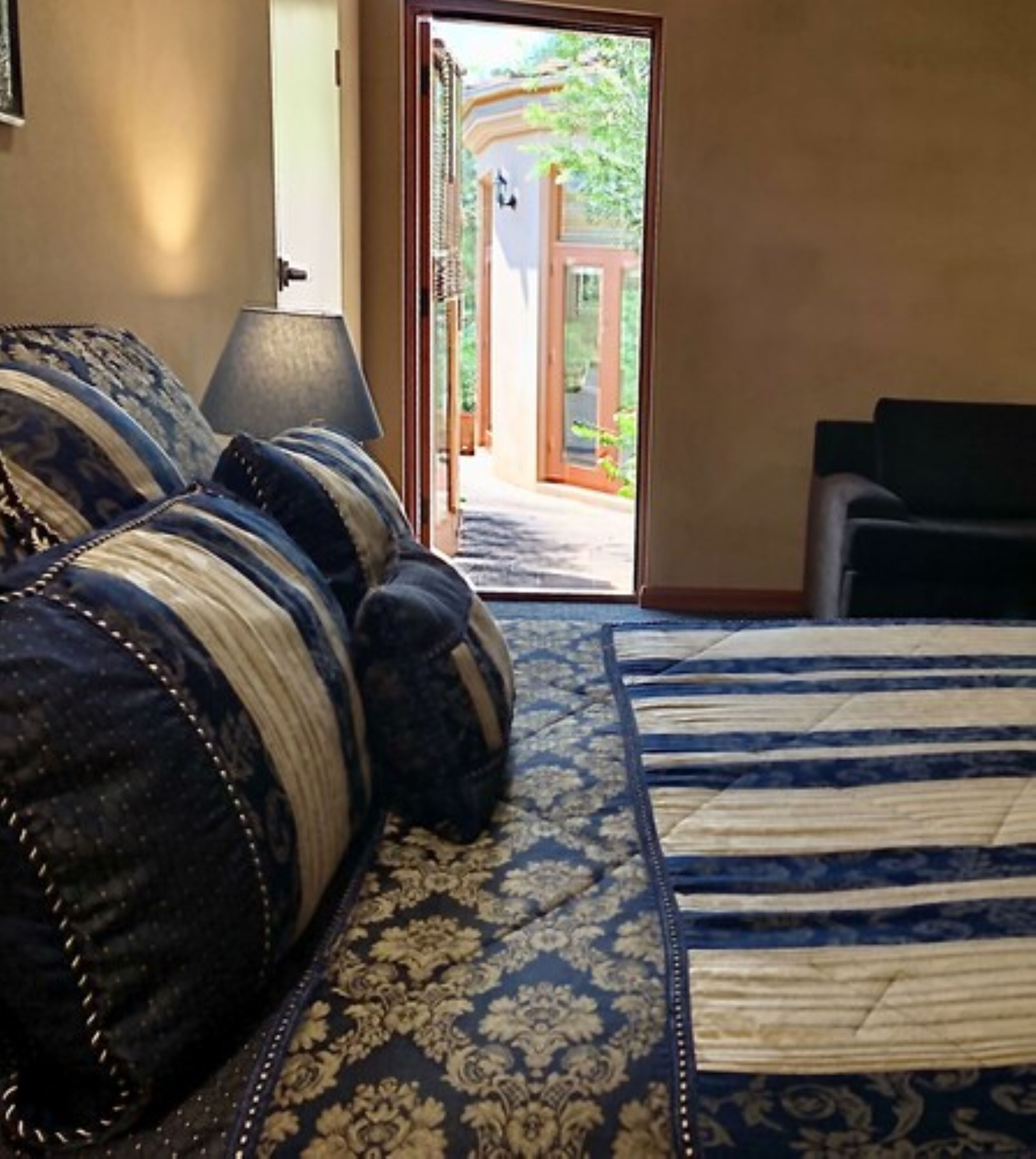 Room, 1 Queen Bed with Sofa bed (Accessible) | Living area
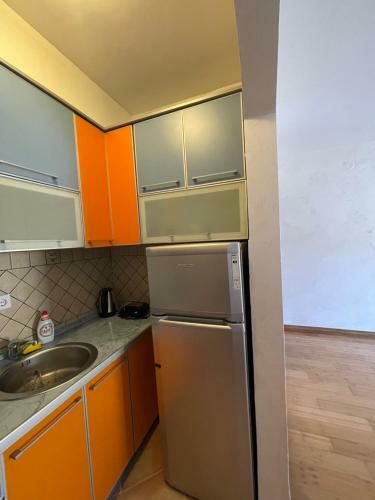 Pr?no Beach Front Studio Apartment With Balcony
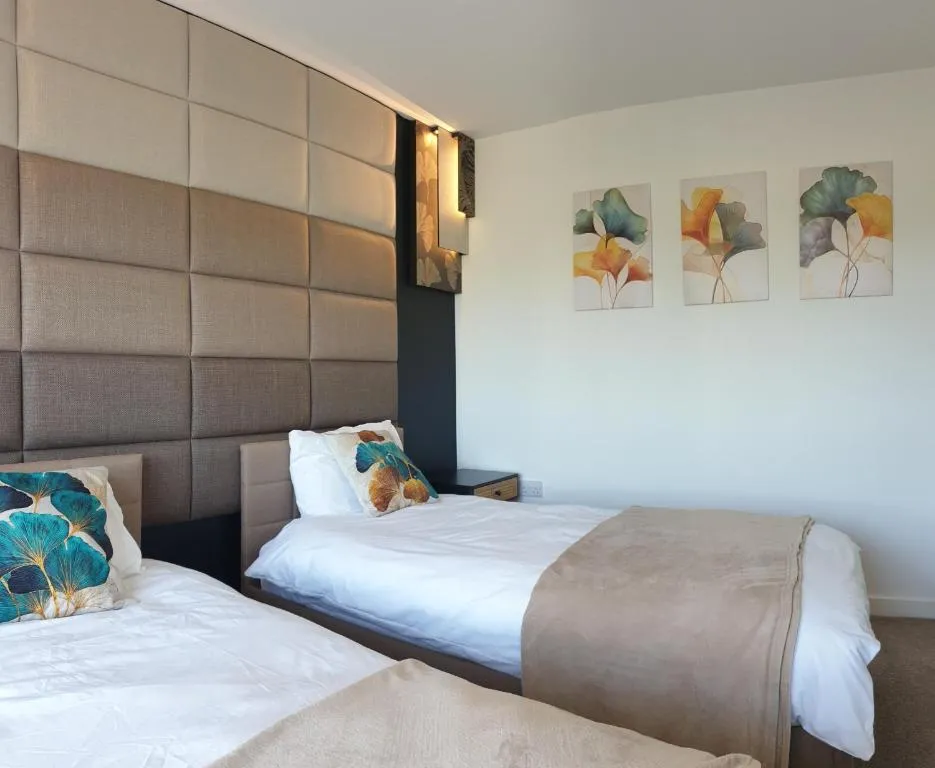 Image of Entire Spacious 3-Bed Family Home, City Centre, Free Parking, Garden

TASK TO COMPLETE:
Return the listing exactly as it appears, excluding any image.

FINISHED EXERCISE:
 Room, 1 Queen Bed with Sofa bed (Accessible) | Living area
 Pr?no Beach Front Studio Apartment With Balcony
 Image of Entire Spacious 3-Bed Family Home, City Centre, Free Parking, Garden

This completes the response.